A word-for-word copy of the listing is needed. Retype it in full.
*** Task input ***
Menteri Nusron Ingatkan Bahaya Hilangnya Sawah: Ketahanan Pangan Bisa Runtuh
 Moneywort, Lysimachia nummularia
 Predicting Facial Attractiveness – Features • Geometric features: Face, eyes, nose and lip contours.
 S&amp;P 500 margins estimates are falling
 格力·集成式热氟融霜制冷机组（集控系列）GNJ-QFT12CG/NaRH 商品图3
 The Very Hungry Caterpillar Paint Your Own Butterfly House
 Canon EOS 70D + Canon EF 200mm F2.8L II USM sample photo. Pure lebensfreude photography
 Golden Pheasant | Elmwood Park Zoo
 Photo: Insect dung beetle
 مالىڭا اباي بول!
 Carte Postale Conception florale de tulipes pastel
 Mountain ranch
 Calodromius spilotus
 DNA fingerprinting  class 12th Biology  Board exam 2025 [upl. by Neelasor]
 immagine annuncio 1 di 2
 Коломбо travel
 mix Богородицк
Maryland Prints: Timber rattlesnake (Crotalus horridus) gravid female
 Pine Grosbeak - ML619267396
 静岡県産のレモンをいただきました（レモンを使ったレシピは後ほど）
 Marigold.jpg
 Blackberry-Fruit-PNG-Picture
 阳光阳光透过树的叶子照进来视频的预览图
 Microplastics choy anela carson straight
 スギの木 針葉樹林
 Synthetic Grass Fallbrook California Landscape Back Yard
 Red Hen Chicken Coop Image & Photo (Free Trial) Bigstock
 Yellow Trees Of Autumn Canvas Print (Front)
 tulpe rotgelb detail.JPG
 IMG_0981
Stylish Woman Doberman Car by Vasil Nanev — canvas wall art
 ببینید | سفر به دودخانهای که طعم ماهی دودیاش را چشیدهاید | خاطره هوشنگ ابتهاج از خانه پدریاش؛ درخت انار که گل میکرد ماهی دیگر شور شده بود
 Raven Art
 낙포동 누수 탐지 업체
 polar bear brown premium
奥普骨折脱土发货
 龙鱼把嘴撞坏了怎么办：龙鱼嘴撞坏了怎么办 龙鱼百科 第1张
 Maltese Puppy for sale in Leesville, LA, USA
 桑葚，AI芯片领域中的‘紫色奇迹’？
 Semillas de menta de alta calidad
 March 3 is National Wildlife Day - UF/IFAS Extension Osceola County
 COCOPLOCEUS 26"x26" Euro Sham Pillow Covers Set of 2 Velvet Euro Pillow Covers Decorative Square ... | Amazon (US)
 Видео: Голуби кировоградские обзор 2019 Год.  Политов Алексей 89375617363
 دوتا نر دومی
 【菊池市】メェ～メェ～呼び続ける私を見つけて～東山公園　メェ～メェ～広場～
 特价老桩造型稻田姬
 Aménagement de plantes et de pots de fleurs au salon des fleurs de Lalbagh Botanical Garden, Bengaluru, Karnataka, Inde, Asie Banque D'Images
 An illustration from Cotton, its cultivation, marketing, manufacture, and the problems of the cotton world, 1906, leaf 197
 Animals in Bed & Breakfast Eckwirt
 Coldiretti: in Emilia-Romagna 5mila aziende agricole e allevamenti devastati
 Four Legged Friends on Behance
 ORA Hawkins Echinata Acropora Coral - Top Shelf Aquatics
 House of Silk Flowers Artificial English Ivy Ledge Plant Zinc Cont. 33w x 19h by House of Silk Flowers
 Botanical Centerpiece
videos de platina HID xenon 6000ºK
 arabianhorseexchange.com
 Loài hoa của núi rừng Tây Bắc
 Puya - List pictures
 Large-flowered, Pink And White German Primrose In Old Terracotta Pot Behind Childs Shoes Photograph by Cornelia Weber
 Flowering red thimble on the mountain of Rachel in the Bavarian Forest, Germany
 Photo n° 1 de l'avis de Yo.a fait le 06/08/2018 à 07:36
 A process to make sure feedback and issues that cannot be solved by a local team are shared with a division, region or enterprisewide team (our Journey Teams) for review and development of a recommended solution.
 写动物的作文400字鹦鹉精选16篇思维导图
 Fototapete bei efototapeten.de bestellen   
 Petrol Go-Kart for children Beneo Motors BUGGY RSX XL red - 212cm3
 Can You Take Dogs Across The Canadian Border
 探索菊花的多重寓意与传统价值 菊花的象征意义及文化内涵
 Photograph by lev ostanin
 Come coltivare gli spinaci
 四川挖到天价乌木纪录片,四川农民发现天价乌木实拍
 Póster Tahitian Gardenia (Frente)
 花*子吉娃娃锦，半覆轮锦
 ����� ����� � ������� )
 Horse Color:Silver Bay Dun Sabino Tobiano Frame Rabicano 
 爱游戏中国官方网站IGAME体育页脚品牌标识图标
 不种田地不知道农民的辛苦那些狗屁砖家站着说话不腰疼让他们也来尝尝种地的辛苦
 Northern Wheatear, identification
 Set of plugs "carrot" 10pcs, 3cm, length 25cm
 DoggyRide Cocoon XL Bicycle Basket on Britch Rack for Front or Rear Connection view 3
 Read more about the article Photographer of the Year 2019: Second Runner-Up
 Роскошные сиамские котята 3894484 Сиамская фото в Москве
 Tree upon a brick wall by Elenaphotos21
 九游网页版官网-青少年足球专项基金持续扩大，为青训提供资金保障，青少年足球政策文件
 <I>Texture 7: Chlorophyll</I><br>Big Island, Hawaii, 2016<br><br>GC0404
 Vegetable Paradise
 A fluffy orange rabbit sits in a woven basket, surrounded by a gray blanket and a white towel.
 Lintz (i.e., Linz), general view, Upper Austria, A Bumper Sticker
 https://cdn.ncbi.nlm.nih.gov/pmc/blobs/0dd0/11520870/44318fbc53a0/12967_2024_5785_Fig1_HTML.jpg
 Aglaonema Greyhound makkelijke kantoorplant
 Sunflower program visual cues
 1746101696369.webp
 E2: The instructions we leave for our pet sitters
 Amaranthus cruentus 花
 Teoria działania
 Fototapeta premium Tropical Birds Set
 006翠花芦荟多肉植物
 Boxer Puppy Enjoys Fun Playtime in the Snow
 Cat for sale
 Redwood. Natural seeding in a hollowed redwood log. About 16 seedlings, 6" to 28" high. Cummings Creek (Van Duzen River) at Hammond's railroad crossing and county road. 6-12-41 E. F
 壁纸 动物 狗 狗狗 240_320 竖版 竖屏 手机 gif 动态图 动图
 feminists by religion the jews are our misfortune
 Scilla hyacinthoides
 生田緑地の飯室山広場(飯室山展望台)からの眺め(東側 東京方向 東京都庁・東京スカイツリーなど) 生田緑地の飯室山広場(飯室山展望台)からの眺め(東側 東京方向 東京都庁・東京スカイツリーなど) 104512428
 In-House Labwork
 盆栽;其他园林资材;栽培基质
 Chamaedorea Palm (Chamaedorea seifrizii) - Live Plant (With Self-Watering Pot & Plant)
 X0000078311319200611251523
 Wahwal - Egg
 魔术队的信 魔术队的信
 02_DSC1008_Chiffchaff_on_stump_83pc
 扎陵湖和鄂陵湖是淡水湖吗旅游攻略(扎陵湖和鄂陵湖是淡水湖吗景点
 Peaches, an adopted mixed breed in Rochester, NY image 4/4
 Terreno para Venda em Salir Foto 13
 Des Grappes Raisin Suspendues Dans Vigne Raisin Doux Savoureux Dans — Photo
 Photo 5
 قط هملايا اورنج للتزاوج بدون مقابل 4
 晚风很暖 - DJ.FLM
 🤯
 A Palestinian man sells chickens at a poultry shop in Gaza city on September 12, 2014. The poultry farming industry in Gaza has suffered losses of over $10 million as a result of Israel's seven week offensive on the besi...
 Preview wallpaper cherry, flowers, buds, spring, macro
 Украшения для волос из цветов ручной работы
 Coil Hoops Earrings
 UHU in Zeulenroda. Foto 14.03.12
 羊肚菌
*** End of Task input ***
## Written answer
Menteri Nusron Ingatkan Bahaya Hilangnya Sawah: Ketahanan Pangan Bisa Runtuh
 Moneywort, Lysimachia nummularia
 Predicting Facial Attractiveness – Features • Geometric features: Face, eyes, nose and lip contours.
 S&amp;P 500 margins estimates are falling
 格力·集成式热氟融霜制冷机组（集控系列）GNJ-QFT12CG/NaRH 商品图3
 The Very Hungry Caterpillar Paint Your Own Butterfly House
 Canon EOS 70D + Canon EF 200mm F2.8L II USM sample photo. Pure lebensfreude photography
 Golden Pheasant | Elmwood Park Zoo
 Photo: Insect dung beetle
 مالىڭا اباي بول!
 Carte Postale Conception florale de tulipes pastel
 Mountain ranch
 Calodromius spilotus
 DNA fingerprinting  class 12th Biology  Board exam 2025 [upl. by Neelasor]
 immagine annuncio 1 di 2
 Коломбо travel
 mix Богородицк
Maryland Prints: Timber rattlesnake (Crotalus horridus) gravid female
 Pine Grosbeak - ML619267396
 静岡県産のレモンをいただきました（レモンを使ったレシピは後ほど）
 Marigold.jpg
 Blackberry-Fruit-PNG-Picture
 阳光阳光透过树的叶子照进来视频的预览图
 Microplastics choy anela carson straight
 スギの木 針葉樹林
 Synthetic Grass Fallbrook California Landscape Back Yard
 Red Hen Chicken Coop Image & Photo (Free Trial) Bigstock
 Yellow Trees Of Autumn Canvas Print (Front)
 tulpe rotgelb detail.JPG
 IMG_0981
Stylish Woman Doberman Car by Vasil Nanev — canvas wall art
 ببینید | سفر به دودخانهای که طعم ماهی دودیاش را چشیدهاید | خاطره هوشنگ ابتهاج از خانه پدریاش؛ درخت انار که گل میکرد ماهی دیگر شور شده بود
 Raven Art
 낙포동 누수 탐지 업체
 polar bear brown premium
奥普骨折脱土发货
 龙鱼把嘴撞坏了怎么办：龙鱼嘴撞坏了怎么办 龙鱼百科 第1张
 Maltese Puppy for sale in Leesville, LA, USA
 桑葚，AI芯片领域中的‘紫色奇迹’？
 Semillas de menta de alta calidad
 March 3 is National Wildlife Day - UF/IFAS Extension Osceola County
 COCOPLOCEUS 26"x26" Euro Sham Pillow Covers Set of 2 Velvet Euro Pillow Covers Decorative Square ... | Amazon (US)
 Видео: Голуби кировоградские обзор 2019 Год.  Политов Алексей 89375617363
 دوتا نر دومی
 【菊池市】メェ～メェ～呼び続ける私を見つけて～東山公園　メェ～メェ～広場～
 特价老桩造型稻田姬
 Aménagement de plantes et de pots de fleurs au salon des fleurs de Lalbagh Botanical Garden, Bengaluru, Karnataka, Inde, Asie Banque D'Images
 An illustration from Cotton, its cultivation, marketing, manufacture, and the problems of the cotton world, 1906, leaf 197
 Animals in Bed & Breakfast Eckwirt
 Coldiretti: in Emilia-Romagna 5mila aziende agricole e allevamenti devastati
 Four Legged Friends on Behance
 ORA Hawkins Echinata Acropora Coral - Top Shelf Aquatics
 House of Silk Flowers Artificial English Ivy Ledge Plant Zinc Cont. 33w x 19h by House of Silk Flowers
 Botanical Centerpiece
videos de platina HID xenon 6000ºK
 arabianhorseexchange.com
 Loài hoa của núi rừng Tây Bắc
 Puya - List pictures
 Large-flowered, Pink And White German Primrose In Old Terracotta Pot Behind Childs Shoes Photograph by Cornelia Weber
 Flowering red thimble on the mountain of Rachel in the Bavarian Forest, Germany
 Photo n° 1 de l'avis de Yo.a fait le 06/08/2018 à 07:36
 A process to make sure feedback and issues that cannot be solved by a local team are shared with a division, region or enterprisewide team (our Journey Teams) for review and development of a recommended solution.
 写动物的作文400字鹦鹉精选16篇思维导图
 Fototapete bei efototapeten.de bestellen   
 Petrol Go-Kart for children Beneo Motors BUGGY RSX XL red - 212cm3
 Can You Take Dogs Across The Canadian Border
 探索菊花的多重寓意与传统价值 菊花的象征意义及文化内涵
 Photograph by lev ostanin
 Come coltivare gli spinaci
 四川挖到天价乌木纪录片,四川农民发现天价乌木实拍
 Póster Tahitian Gardenia (Frente)
 花*子吉娃娃锦，半覆轮锦
 ����� ����� � ������� )
 Horse Color:Silver Bay Dun Sabino Tobiano Frame Rabicano 
 爱游戏中国官方网站IGAME体育页脚品牌标识图标
 不种田地不知道农民的辛苦那些狗屁砖家站着说话不腰疼让他们也来尝尝种地的辛苦
 Northern Wheatear, identification
 Set of plugs "carrot" 10pcs, 3cm, length 25cm
 DoggyRide Cocoon XL Bicycle Basket on Britch Rack for Front or Rear Connection view 3
 Read more about the article Photographer of the Year 2019: Second Runner-Up
 Роскошные сиамские котята 3894484 Сиамская фото в Москве
 Tree upon a brick wall by Elenaphotos21
 九游网页版官网-青少年足球专项基金持续扩大，为青训提供资金保障，青少年足球政策文件
 <I>Texture 7: Chlorophyll</I><br>Big Island, Hawaii, 2016<br><br>GC0404
 Vegetable Paradise
 A fluffy orange rabbit sits in a woven basket, surrounded by a gray blanket and a white towel.
 Lintz (i.e., Linz), general view, Upper Austria, A Bumper Sticker
 https://cdn.ncbi.nlm.nih.gov/pmc/blobs/0dd0/11520870/44318fbc53a0/12967_2024_5785_Fig1_HTML.jpg
 Aglaonema Greyhound makkelijke kantoorplant
 Sunflower program visual cues
 1746101696369.webp
 E2: The instructions we leave for our pet sitters
 Amaranthus cruentus 花
 Teoria działania
 Fototapeta premium Tropical Birds Set
 006翠花芦荟多肉植物
 Boxer Puppy Enjoys Fun Playtime in the Snow
 Cat for sale
 Redwood. Natural seeding in a hollowed redwood log. About 16 seedlings, 6" to 28" high. Cummings Creek (Van Duzen River) at Hammond's railroad crossing and county road. 6-12-41 E. F
 壁纸 动物 狗 狗狗 240_320 竖版 竖屏 手机 gif 动态图 动图
 feminists by religion the jews are our misfortune
 Scilla hyacinthoides
 生田緑地の飯室山広場(飯室山展望台)からの眺め(東側 東京方向 東京都庁・東京スカイツリーなど) 生田緑地の飯室山広場(飯室山展望台)からの眺め(東側 東京方向 東京都庁・東京スカイツリーなど) 104512428
 In-House Labwork
 盆栽;其他园林资材;栽培基质
 Chamaedorea Palm (Chamaedorea seifrizii) - Live Plant (With Self-Watering Pot & Plant)
 X0000078311319200611251523
 Wahwal - Egg
 魔术队的信 魔术队的信
 02_DSC1008_Chiffchaff_on_stump_83pc
 扎陵湖和鄂陵湖是淡水湖吗旅游攻略(扎陵湖和鄂陵湖是淡水湖吗景点
 Peaches, an adopted mixed breed in Rochester, NY image 4/4
 Terreno para Venda em Salir Foto 13
 Des Grappes Raisin Suspendues Dans Vigne Raisin Doux Savoureux Dans — Photo
 Photo 5
 قط هملايا اورنج للتزاوج بدون مقابل 4
 晚风很暖 - DJ.FLM
 🤯
 A Palestinian man sells chickens at a poultry shop in Gaza city on September 12, 2014. The poultry farming industry in Gaza has suffered losses of over $10 million as a result of Israel's seven week offensive on the besi...
 Preview wallpaper cherry, flowers, buds, spring, macro
 Украшения для волос из цветов ручной работы
 Coil Hoops Earrings
 UHU in Zeulenroda. Foto 14.03.12
 羊肚菌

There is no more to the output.